Mississippi Damned is a rare, exceptional film, one that covers enormous amounts of emotional territory and manages to impart sadness and hope in equal measures.

Written and directed by Tina Mabry, who penned the hilarious Itty Bitty Titty Committee, the movie dives deep into the heart of the American south, with an unflinching eye towards racism and poverty. Based on true events, the drama is achingly, refreshingly real.

The film kicks off in 1986, and centers on the lives of two African American families and their closest friends, barely scraping by in a rural Mississippi town.

Our protagonist, Kari (played as a young girl by Kylee Russell and later by Tessa Thompson), who acts as our eyes and ears throughout the film.
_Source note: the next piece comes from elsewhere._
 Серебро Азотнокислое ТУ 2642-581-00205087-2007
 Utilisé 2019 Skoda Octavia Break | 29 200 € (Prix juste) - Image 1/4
She has a lesbian sister, Leigh (Chasity Kershal Hammitte), and a cousin Sammy (Malcolm David Kelley), who is a young basketball star.
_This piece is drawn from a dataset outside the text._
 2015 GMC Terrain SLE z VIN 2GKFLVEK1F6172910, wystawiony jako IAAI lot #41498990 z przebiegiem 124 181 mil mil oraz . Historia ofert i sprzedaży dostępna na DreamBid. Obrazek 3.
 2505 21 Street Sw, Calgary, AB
Their parents and close friends are all struggling — with money, with addictions, with violent histories and difficult pasts.

Charlie (Jossie Thacker) is an alcoholic living with a man who sleeps around on her. Anna (Simbi Kali Williams) is pregnant and near saintly, keeping watch over Kari and feeding her when there’s no food in the house. She’s married to an abusive guy who doesn’t work, forcing her to take care of business.

Kari and Leigh’s folks scream at Leigh about her sexuality and constantly argue about money — their father Junior (Adam Clark) is a gambling addict.

Finally, Sammy is a promising young athlete looking at the possibility of a major scholarship and a pro career, but he’s forced to perform sex acts for money just to go on team trips.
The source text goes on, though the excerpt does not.